A mucosa intestinal tem alto índice metabólico e, em consequência, necessita de fluxo sanguíneo elevado (normalmente recebendo 20 a 25% do débito cardíaco), tornando-a muito sensível aos efeitos de uma perfusão diminuída. A isquemia provoca rompimento da barreira mucosa, permitindo a liberação de bactérias, toxinas e mediadores vasoativos, que por sua vez causam depressão miocárdica, resposta sistêmica inflamatória sindrômica ( Sepse e choque séptico), falência de múltiplos órgãos e morte. A liberação de mediadores pode ocorrer mesmo antes do infarto completo. A necrose pode ocorrer tão rápido quanto 6 h depois do início dos sintomas.

Etiologia

Três vasos principais irrigam o conteúdo abdominal:

  • Tronco celíaco: supre o esôfago, estômago, duodeno proximal, fígado, vesícula biliar, pâncreas e baço

  • Artéria mesentérica superior (AMS): supre o duodeno distal, jejuno, íleo e cólon até a flexura esplênica

  • Artéria mesentérica inferior (AMI): supre o cólon descendente, cólon sigmoide e reto.

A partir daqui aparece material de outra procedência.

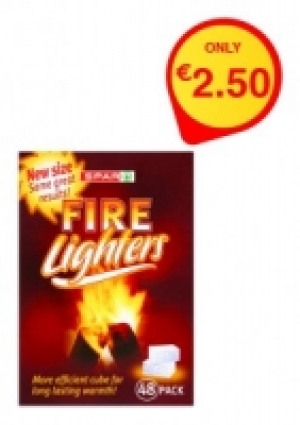 SPAR Firelighters 48 Pack 912g ONLY 2.50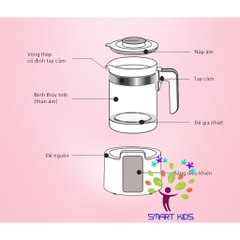 Máy đun và hâm nước pha sữa điện tử Adicon G8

Os vasos colaterais são abundantes no estômago, duodeno e reto; essas áreas raramente desenvolvem isquemia. A flexura esplênica encontra-se entre as áreas da AMS e da AMI, sendo particularmente vulnerável à isquemia. Observe que a isquemia mesentérica aguda é distinta da colite isquêmica, que envolve somente os pequenos vasos e provoca principalmente necrose e sangramento da mucosa.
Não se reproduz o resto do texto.